• WHAT YOU WILL DO:
What's needed is the listing below, repeated word for word with no pictures.
---------- COLLECTED DATA ----------
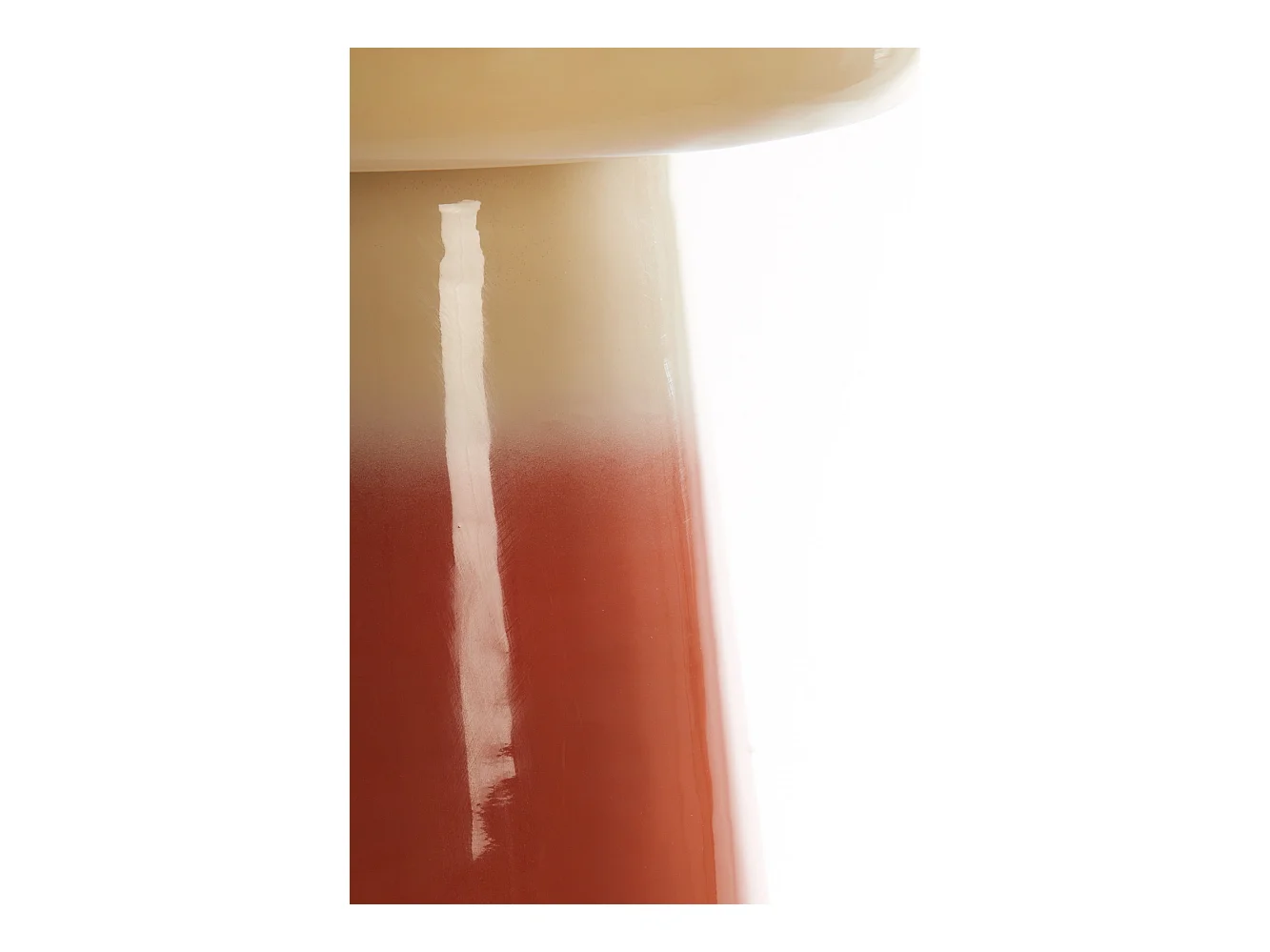 Table d'appoint SAKIZ - Ø40,5x51cm - Blanc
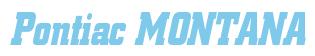 Rendering -Pontiac MONTANA - using Boroughs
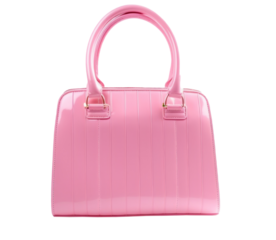 Pink designer bag isolated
----------
• ANSWER TO THE PROBLEM:
 Table d'appoint SAKIZ - Ø40,5x51cm - Blanc
 Rendering -Pontiac MONTANA - using Boroughs
 Pink designer bag isolated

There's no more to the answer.